Kara Miller writes in the Boston Globe about a striking demographic trend:

Author and journalist Jon Birger started to sense that there was something horribly wrong with dating when he was a senior writer at Fortune Magazine in the early 2000s. Normally, he covered markets: oil, agriculture, stocks. But at his workplace, Birger says, “I couldn’t help but notice that all the guys were either married like myself, or in long-term relationships. Whereas the women at Fortune — who I think I can safely say had more going for them than we guys did — they were disproportionately single.”

At first, he wondered if there was something strange about his workplace. But his wife, a lawyer, found her experience mirrored his. “Particularly if you live in a city like Boston or New York, you just know all these fabulous single women in their 30s and 40s who can’t seem to meet a half-decent guy,” he said.

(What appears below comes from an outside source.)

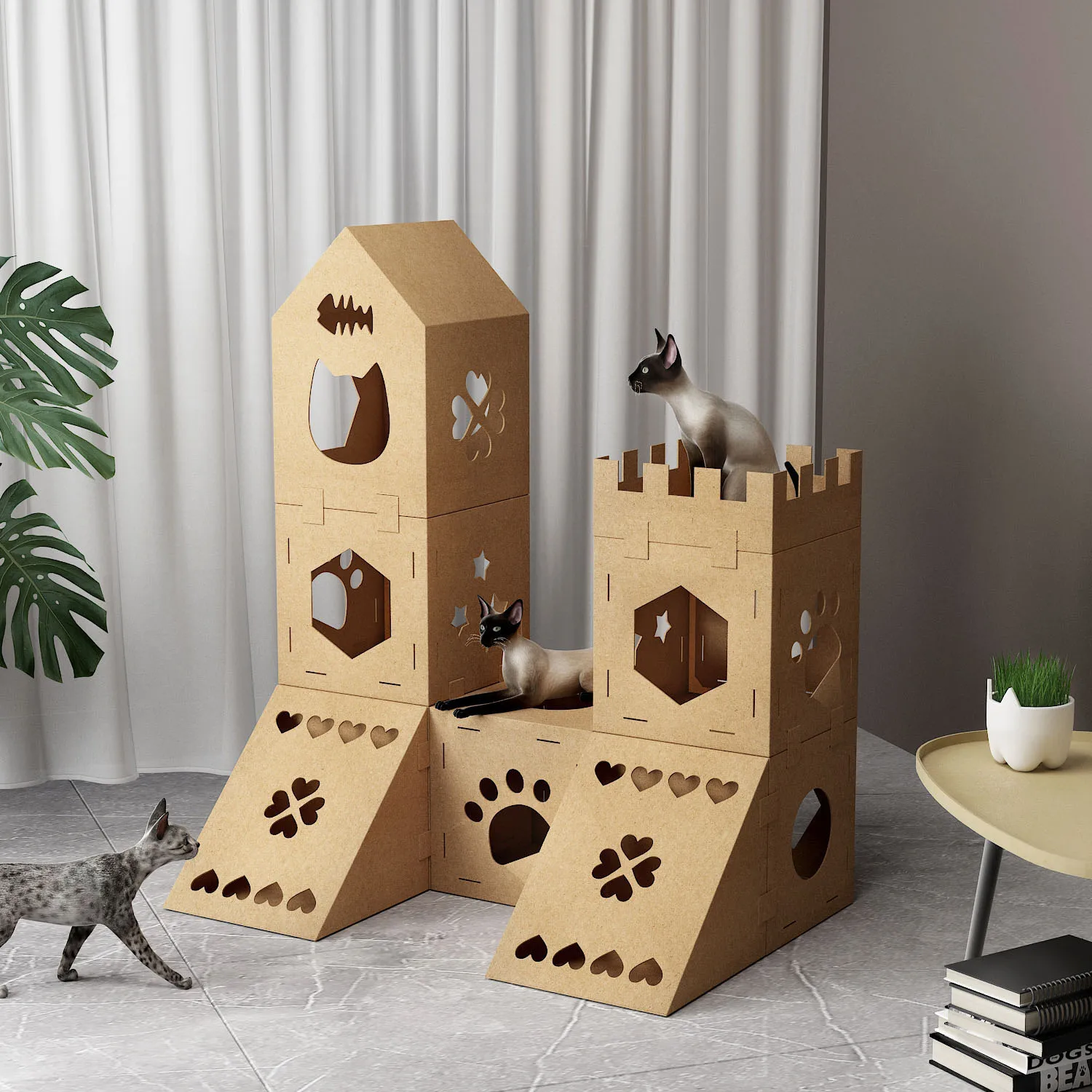 Custom3 Layers Large Cat Play Paper Scratcher House Corrugated Cardboard Pet House
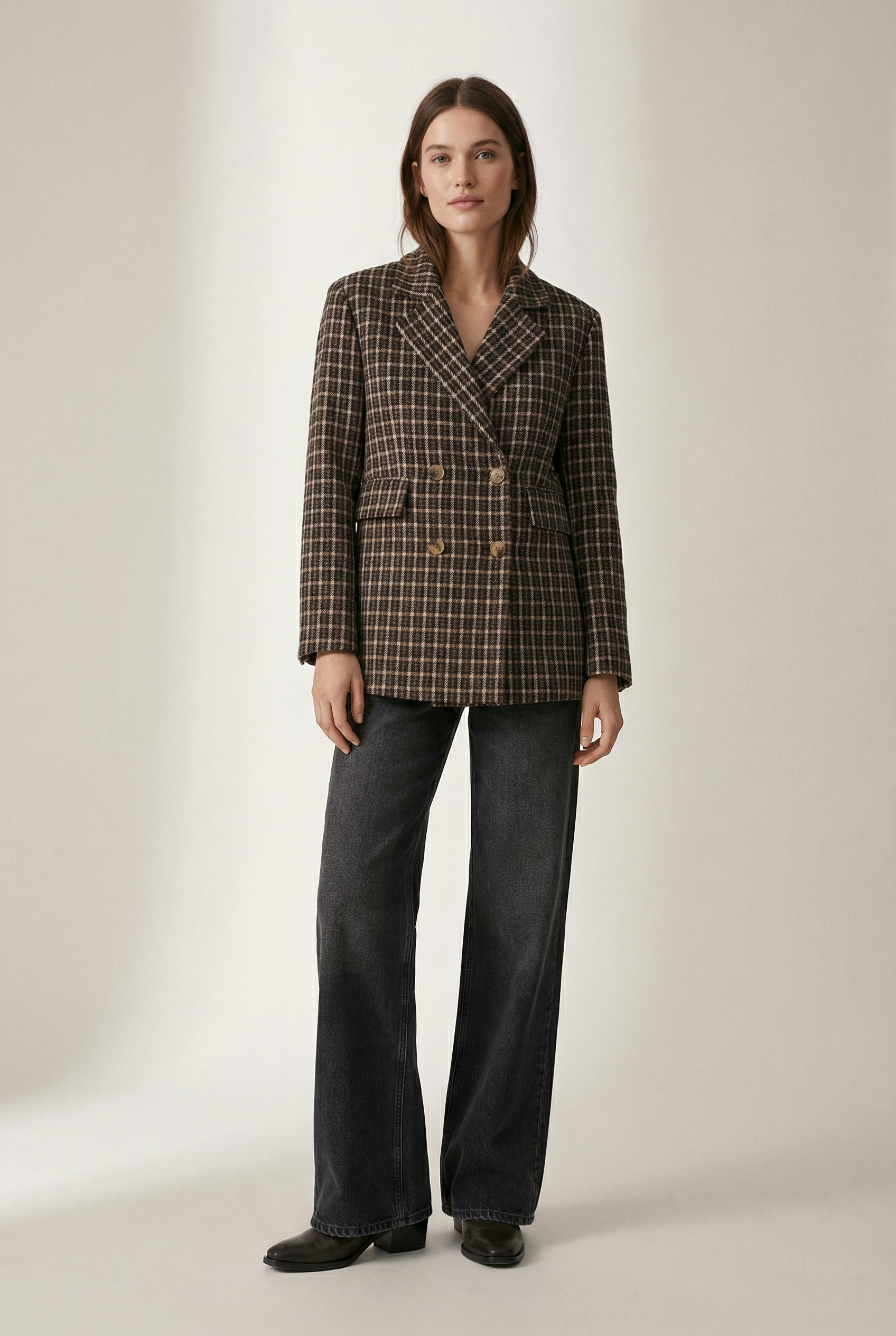 Blazer femme bordeaux et marron, coupe élégante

So Birger, who knew a strange market when he saw one, went hunting for data. At first, he thought this was a big-city problem. But, as it turned out, this wasn’t about jobs or about big cities. It was about college… women now outnumber men on college campuses. And not by a little. About 60 percent of US college students are now women; only 40 percent are men. The last time there was parity, Birger says, was back in the 1980s.

And the reality is that people who have college degrees tend to date other people with college degrees. But that tendency leads to a numerical mismatch, which, for both white-collar women and blue-collar men, can have profound consequences.